Arrays Start at Zero: What’s up with that?

Jonathan Bluks
14 min readFeb 19, 2019

--

I see…arrays…Everywhere! (Source: Matthew Henry on Unsplash. Aside: My career as a software developer actually started in these very buildings.).

I have recently been exploring the world of Data Science through an online intro program. It begins by introducing Python, the basics of programming using Python, and of course, arrays. Particularly important for “data”.

Python, like many programming languages, uses 0-based indexing for arrays, and the course contained a link to a post intended to explain this situation to a person with no programming experience.

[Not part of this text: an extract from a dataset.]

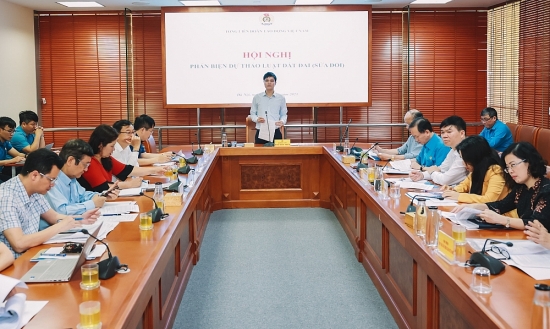 Tổng LĐLĐ Việt Nam tổ chức Hội nghị phản biện dự thảo Luật Đất đai (sửa đổi)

It is an interesting read that sheds factual, historical, and social light onto the origin of 0-indexed arrays, and points out that many decisions are arbitrary and not necessarily because they are best for us humans.

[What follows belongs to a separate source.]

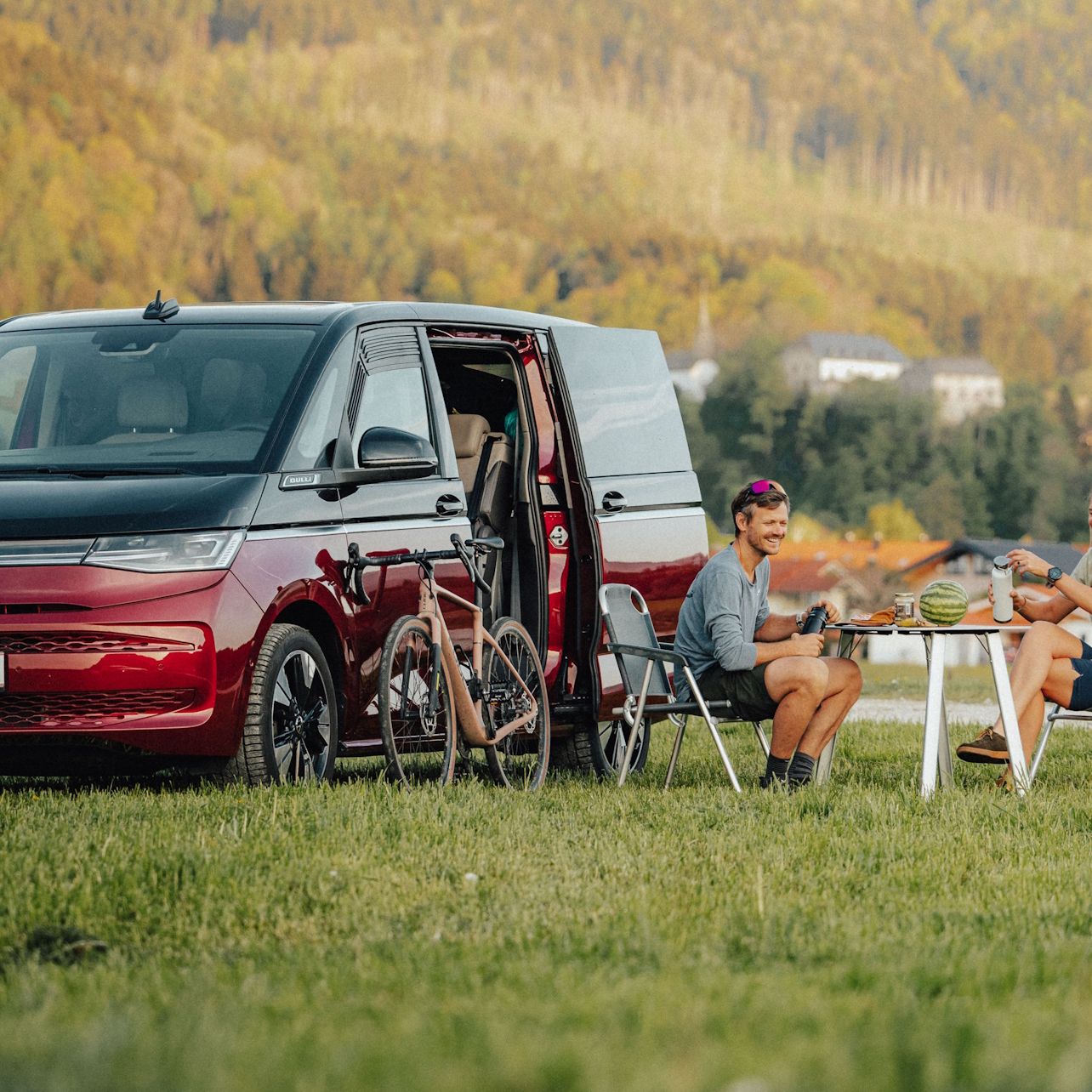 Der Multivan mit Tisch und Stühlen.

[Spoiler Alert: IBM’s use of computers for yacht races may have influenced the use of 0-based indexing in their systems at MIT in the mid-1960s. That decision stuck and found it’s way into most programming languages today.]

A summary of the post is on the Zero-Based Indexing Wikipedia page, as well as a general overview of the various ideas around 0 vs 1-based indexing.

While this account may be accurate, to a new programmer with little experience, the details are hard to grasp, and still leaves an unresolved feeling around the question. The whole point of this tangent in the material was to try and answer an assumed question in the budding programmer’s mind:

Why don’t arrays start at 1? Don’t we usually start counting things at 1? What’s up with that?

While it may be a quirk of history that led to a potentially confusing convention, what I would like to suggest is that 0-based indexing is not that foreign of an idea, and is something that we regularly deal with in other areas of life. Understanding that can help a new programmer adapt to a convention that they will likely be using for the rest of their career.

tl;dr

Indexing from 0 occurs in various places in the life of humans, and is not specifically a programming language issue. We generally focus on counting from 1 because we count things we can see, not things we can’t. But in many cases, such as the passage of time, we often use 0-based counting. While array indexing seems like an arbitrary choice, in a binary system using binary-based addressing in computer memory, 0-based indexing is a reasonable choice when working with arrays.

Arrays Start at 1…

Arrays starting at 1: It’s a bit of a joke in the programmer community.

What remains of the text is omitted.